Set the listing down unchanged, minus every embedded image.

◆ **STORED DATA**
────────
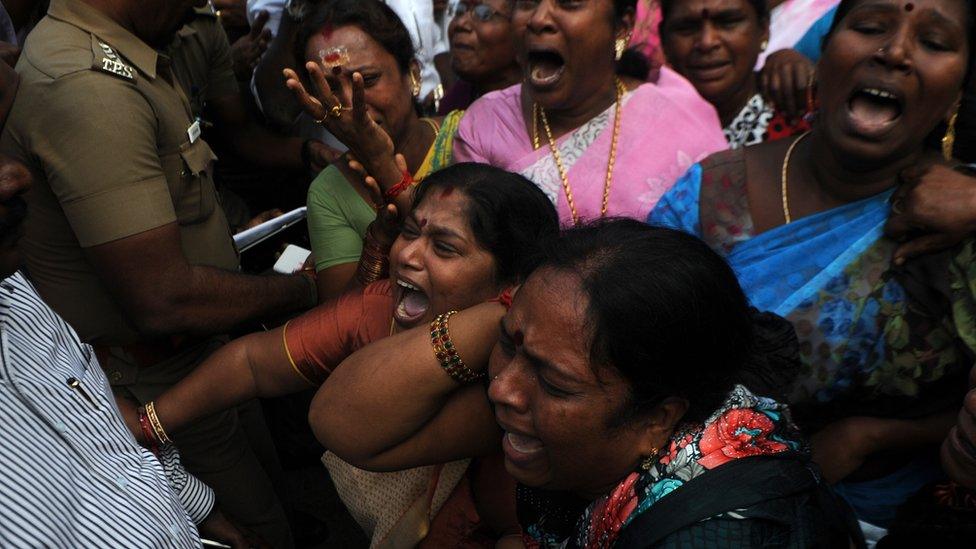 Indian supporters of the Chief Minister of Tamil Nadu Jayalalithaa Jayaram react outside the hospital where she is being treated after false reports that she had died in Chennai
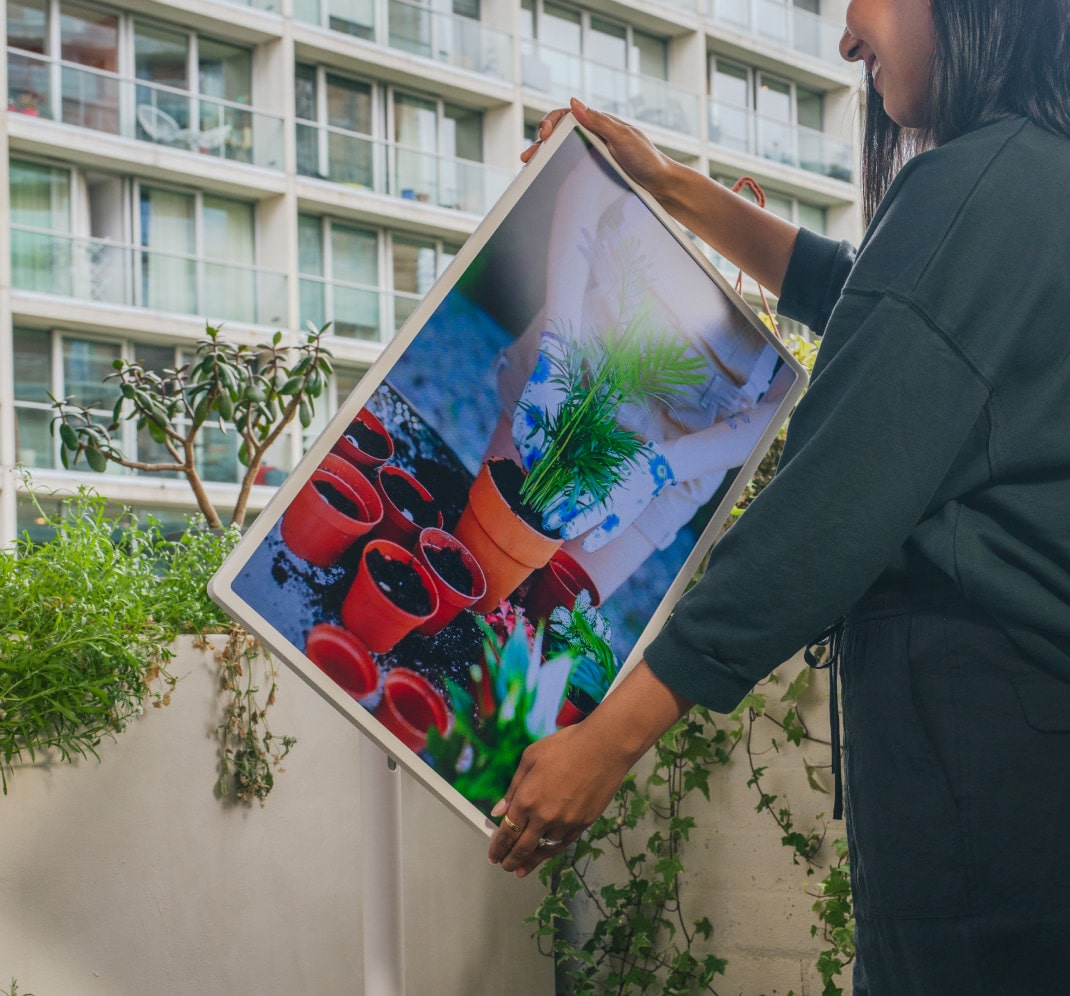 Lisa Mistry ajuste le LG StandbyME, qui diffuse une vidéo sur le rempotage des plantes, alors qu'elle est sur son balcon.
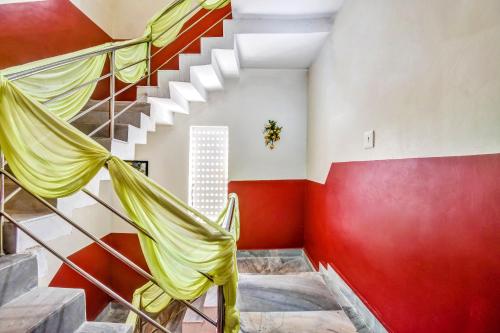 a room with red and white walls and a staircase at OYO 80514 Moody Moon in Bārang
────────
◆ **WRITTEN SOLUTION**
 Indian supporters of the Chief Minister of Tamil Nadu Jayalalithaa Jayaram react outside the hospital where she is being treated after false reports that she had died in Chennai
 Lisa Mistry ajuste le LG StandbyME, qui diffuse une vidéo sur le rempotage des plantes, alors qu'elle est sur son balcon.
 a room with red and white walls and a staircase at OYO 80514 Moody Moon in Bārang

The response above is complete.